Dass "1989" nicht zum Gründungsmythos des wiedervereinigten demokratischen
Deutschlands avancierte, dafür führt Münkler zwei Gründe an. Die
westdeutsche politische Elite habe keinen Anteil an den Geschehnissen
dieses Jahres gehabt, mithin kein Interesse an seiner symbolischen
Aufwertung.
Deshalb sei die Erzählung von den Fährnissen der Kohl-Genscherschen
Pendeldiplomatie zwischen Kaukasus, Élyséepalast und Downing Street an
seine Stelle gerückt und der 3. Oktober als Nationalfeiertag
herausgekommen, ein Beitrittsdatum, über dessen Zustandekommen freilich
auch auf der Buchmesse ganz verschiedene Versionen kursierten.
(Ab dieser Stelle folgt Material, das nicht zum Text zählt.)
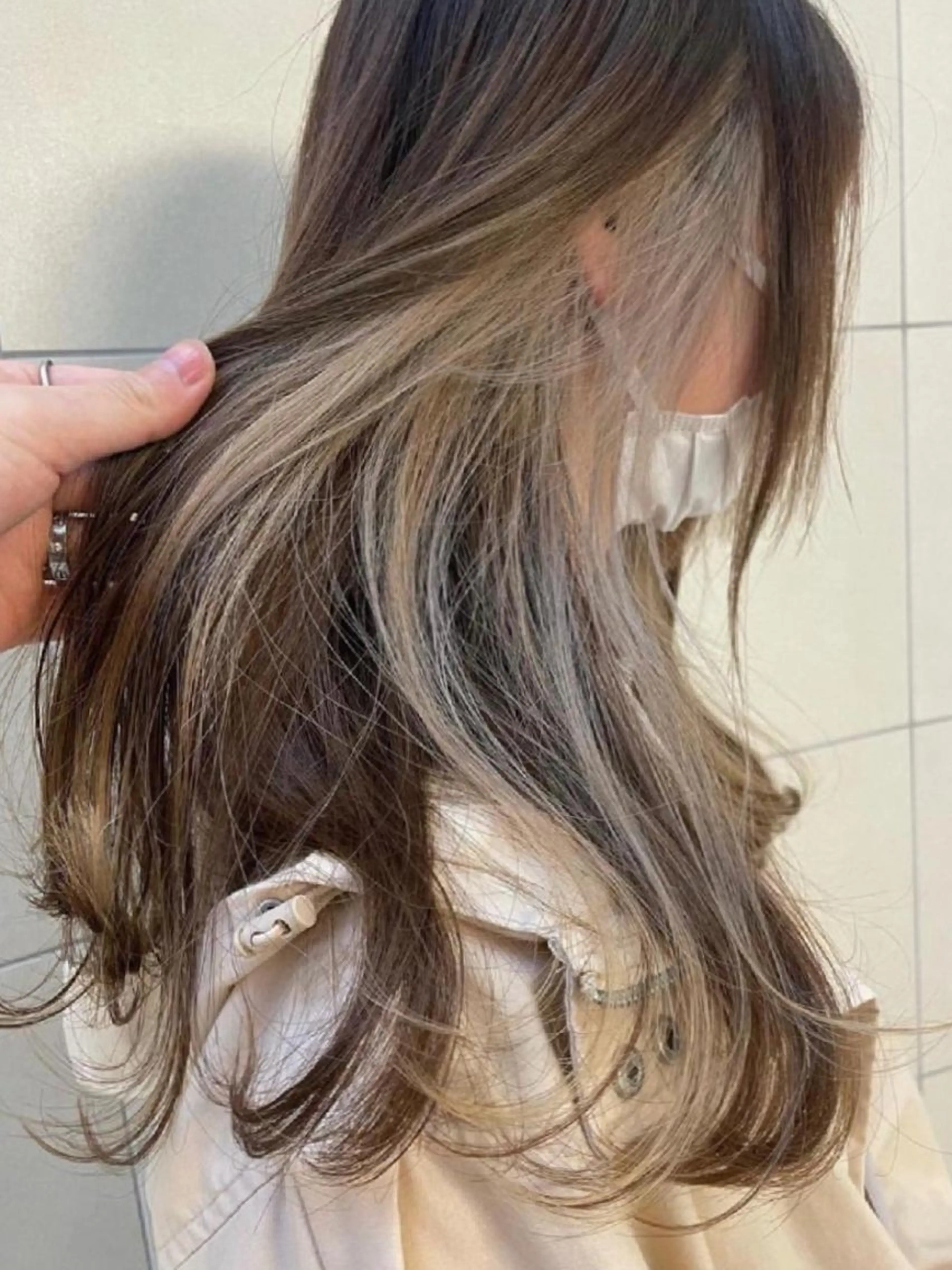 ミディアム ブリーチ/エクステ /レイヤー/谷口のヘアスタイル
Außerdem
habe die demokratische Linke, die seit jeher das Fehlen einer erfolgreichen
deutschen Revolution als positiven Bezugspunkt beklage, die Gelegenheit
ungenutzt verstreichen lassen, weil sie mit dem Ende des - wenn auch
ungeliebten, aber real existierenden - Sozialismus zusammengefallen sei.
In Leipzig aber war Münklers Einschätzung für viele dennoch kein
Hinderungsgrund, Symbol- und Identitätspolitik massiv in der Diskussion zu
platzieren.
Günter Grass, der zum Jubiläum nicht nur seine Tagebücher der Wendejahre
herausgebracht, sondern auch alle seine damaligen Interview-Statements noch
einmal hervorgeholt hat, beschimpfte wieder die Treuhandanstalt, erneuerte
seine Forderung nach einer gesamtdeutschen Verfassung und belustigte sich
über eine zum sechzigsten Jahrestag des Grundgesetzes geplante Berliner
"Fanmeile" mit angeschlossener Markenpräsentation von Nivea bis VW in einer
Weise, dass man das Projekt schon wieder sympathisch finden möchte.
Und Christian Führer, Expfarrer der Nikolaikirche und Initiator der
Friedensgebete, stellte fest, dass alle 1989er Forderungen nach einer
offenen, pluralistischen Gesellschaft verwirklicht seien, machte sich
jedoch für neue Symbole stark: neue Staatsbezeichnung, neue Hymne, neuer
Feiertag. Öfter hatte man den Eindruck, Ingo Schulzes Satz, dass nun jene
Diskussion geführt werden könnte, die 1990 versäumt worden war, sei derart
missverstanden worden, dass man glaubte, die Gespräche von damals nun
einfach noch einmal bringen zu können.
Es blieb dem Leipziger Schriftsteller Erich Loest, antinationaler Tendenzen
unverdächtig, vorbehalten, derlei Symbolpolitik zu ironisieren, wenn er bei
jeder Gelegenheit zum Besten gab, dass er im Streit um ein Leipziger
sogenanntes Einheits- und Freiheitsdenkmal, das er in der Nikolaikirche
bereits verwirklicht sieht, im vergangenen Jahr ein möglichst großes
Monument aus "Rennpappe" vorgeschlagen habe: ein umgekippter Trabi, der -
nach der Reihenfolge der ersten 1989er Demonstrationen - in Plauen im
Vogtland, Dresden und Leipzig aufgestellt werden müsse. "Und die Berliner
dürfen noch einen Mann daneben stellen, der einen Zettel aus der Tasche
kramt." Gemeint war Günter Schabowski.
Im Osten also nichts Neues? Die beiden großen Frankfurter Verlagshäuser -
S. Fischer und Suhrkamp - hatten jeweils zwei Dutzend Autoren aus Ost und
West um Erinnerungstexte an persönliche "Grenzübergänge" beziehungsweise an
"Die Nacht, in der die Mauer fiel" gebeten, die nicht unbedingt
Überraschendes, aber Erhellendes zutage förderten.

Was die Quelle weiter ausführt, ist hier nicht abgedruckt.